Recent Innovations in Search presentation

On Tuesday, April 12, I attended BayCHI’s monthly program at PARC in Palo Alto. Peter Norvig of Google, Ken Norton of Yahoo!, Mark Fletcher of Ask Jeeves, Udi Manber of A9, and Jakob Nielsen of Nielsen Norman Group participated in a panel discussion of “Recent Innovations in Search and Other Ways of Finding Information.”

The auditorium was packed. Every seat was filled and many attendees sat in the aisle or in front of the first row of seating. Closed-circuit televisions were setup in the lobby to accommodate the overflow.

Each panelists presented their organization’s unique view on usability and search before joining the discussion panel.

Peter Norvig, Google

Peter mentions that users will sometimes fax a copy of the Google home page with a written query inside the search box. These are obviously confused about how to get started, or maybe just playing a practical joke.

Google recently launched Google Answers: a database of facts extracted from their crawls of the Web. Not all sites have the same answer to the same query, but Google aggregates the answers and displays the majority opinion at the top of its search results.

Ken Norton, Yahoo!

Yahoo! launched its search technology in February 2004 and has been rapidly adding new features over the past 14 months. Yahoo! Search’s vision is “to enable people to find, use, share and expand all human knowledge.”

Y!Q brings Yahoo! search directly to the page so users may conduct a search at the point of inspiration. Flickr, Yahoo! 360, and My Yahoo! demonstrate the direction the company is moving in the social media space.

Mark Fletcher, Ask Jeeves

Mark started Bloglines because he had over 100 sites bookmarked and it was taking him too much time to keep up with every site on the list. Bloglines’ main goal is to allow users to search, subscribe, share, and publish online content. Bloglines currently adds 1.6 million articles to its database daily and is about to pass 400 million stored articles.

Future Bloglines search features include the ability to search over a defined set such as a group of friends and to easily search and filter articles.

Udi Manber, A9

Udi Manber showed off A9 Yellow Pages. A9 used GPS technology and digital cameras to capture over 28 million images of storefronts across the United States. This visual browsing technique allows users to easily search by proximity to a known landmark. A9 captured the images using specialized equipment placed inside rental SUVs.

A9 SUV

Amazon’s IT department would not allow Udi’s team to use an unlocked laptop in the field, so A9 devised a specialized mouse to prevent the laptop computer in the passenger seat from going to sleep after a period of input inactivity.

Jakob Nielsen, Nielsen Norman Group

Jakob presented statistics of search activity over time.

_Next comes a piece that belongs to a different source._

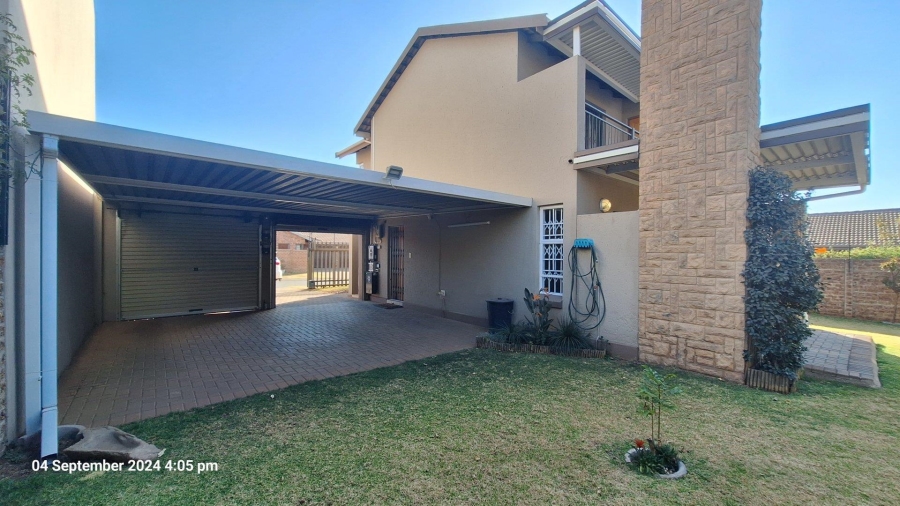 To Let 4 Bedroom Property for Rent in Pomona Gauteng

The mean length of query strings has increased from 1.3 words in 1.3 words in 1994 to 2.2 words in 2004. 42% of search users surveyed felt they had found their desired result. Jakob commented that “search on websites are a miserable failure” and “a disgrace for the field.”

Jakob showed a screen capture with audio of one woman’s search experience on AOL while searching for headache cures. The audience had a good laugh as the woman could not locate the proper text box for her search or navigate the search results. When she finally reached a destination website she almost clicked an unrelated skyscraper-style advertisement along the side of the page, thinking it might have an answer.

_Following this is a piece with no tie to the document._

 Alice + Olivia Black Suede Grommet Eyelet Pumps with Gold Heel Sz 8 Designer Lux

Usability problems pie chart

Panel discussion

The first question posed to the panel was about the evolution of search queries. Mark Fletcher commented that Ask Jeeves has seen query length decrease, possibly because users expect relevant information with less input. Udi Manber mentioned that research shows the length of a query is directly related to the size of the search input box. Jakob Nielsen commented that the average search input box is 18 characters wide but 90% of queries need at least 27 characters.

The second question was about tags as a new search interface. Ken Norton mentioned that tags are not much different than Yahoo!’s current analysis and weighting of anchor text. Jakob commented that it is less work to make a tag than to make a weblog entry.

During the audience question and answer session there was a question about search engine abuse and web spam. Peter Norvig of Google said Google is aware of bad actors and they take steps to identify the bad actors. Web spam has centralized targets making it an easier problem to solve than e-mail spam. Spam is also expensive to do well. “If we keep catching them, penalizing, and setting them back to square one we will demotivate and they will disappear.”